“The Hatmaker’s Wife:” Come for the comedy, stay for the tears


Charger Bulletin/Joseph Oliveira

Ian Sacci and Angelina Paulus perform during “The Hatmaker’s Wife,” West Haven, Nov. 15, 2022.

The university’s latest production, “The Hatmaker’s Wife,” follows Voice (Angelina Paulus) and her boyfriend Gabe (Ian Sacci) when they move into a house that once was the abode of a hatmaker, Hetchman (Barry Libowitz), and his wife (Audra Theberge). Conflicts follow both couples in this magical yet emotionally grounded story.

This past Wednesday, the university’s theater arts program opened with the play, written by Asian-American playwright Lauren Yee. In just three months, the cast and crew pulled off an amazing performance with superb technical aspects.
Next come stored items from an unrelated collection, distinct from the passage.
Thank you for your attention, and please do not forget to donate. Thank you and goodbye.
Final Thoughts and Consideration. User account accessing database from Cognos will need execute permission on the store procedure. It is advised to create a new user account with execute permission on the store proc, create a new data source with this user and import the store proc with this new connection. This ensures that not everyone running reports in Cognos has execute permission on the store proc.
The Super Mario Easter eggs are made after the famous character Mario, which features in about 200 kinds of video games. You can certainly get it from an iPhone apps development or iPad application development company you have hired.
One of the first things to pull the audience in is the stage set-up and lighting. Despite the main set on the stage serving as Hetchman’s living room, the extra space near the front and side of the stage allows other, emotionally-provocative scenes to take place. The spotlights helped shift the audience’s focus from one spot to another, accompanied by colored lights, which set the ambience of those mini sets.

The music during particular scenes adds to the comedic aspect of Yee’s lighthearted yet emotional script. Audiences can applaud John Vota, a music and sound recording student, for the arrangement and performance of those songs. Vota described the music making process in an interview with Joseph Oliveira, a communication student and the play’s head of marketing, social media and publicity. Vota told Oliveira that he, “kind of took some time listening to classical music…took note of some of the instruments that were most dominant.”
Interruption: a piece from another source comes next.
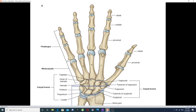From the anatomical point of view, the skeleton of the hand is composed of three parts: the proximal part, which is formed by eight bones called carpal bones; the middle part, which is formed by bones called metacarpal bones; and the third part, which is called the bones of phalanges.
Oliveira also conducted another interview with Libowitz, a marine biology student. Libowitz told Oliveira that Hetchman is “the grouchy dad who loves his recliner.” The actor compared his character to “sitcom dads” such as Homer Simpson. Libowitz did a fantastic job of bringing Hetchman to life, along with conveying the character’s flaws and his effect on the plot. The actor told Oliveira that one message of the play is how “younger people inherit the problems of their parents and how they must work to overcome them.”

The interaction between Hetchman and his wife, played by Theberge, a criminal justice student, brings so much energy to their respective characters. It is fascinating how the duo allowed characters that made us laugh and cry by the show’s close.
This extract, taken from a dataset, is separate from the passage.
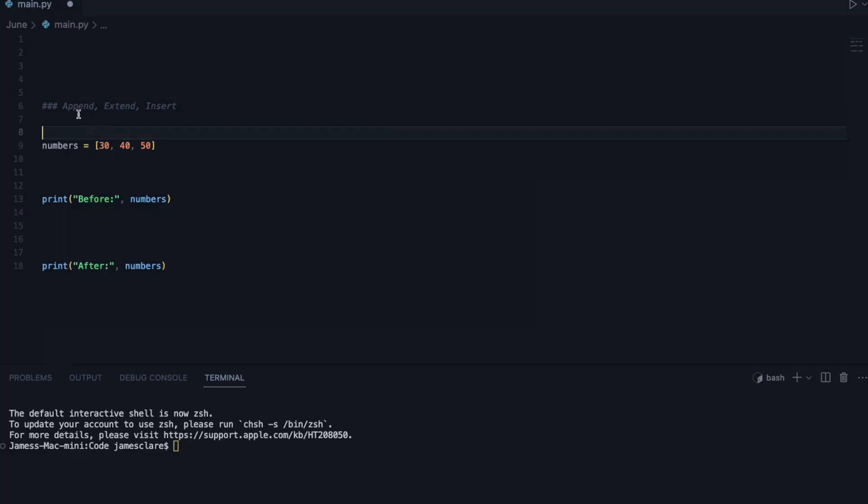In this session, we're going to discuss the difference between the append, extend, and the insert methods.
Another powerful performance came from Voice, played by Paulus, a criminal justice student. The audience could feel the emotion coming from, Voice thanks to the work that Paulus put into the performance.

Paulus said, “I think I’m most excited for audiences to see the relationships that are built between the characters onstage.”

Paulus is correct; the characters felt like more than fictional people. Some of that can be attributed to the play’s director and coordinator for the university’s theater arts program, Meg Savilonis.

The university’s production of “The Hatmaker’s Wife” makes theater-goers anxious to see what they have planned for next semester’s play.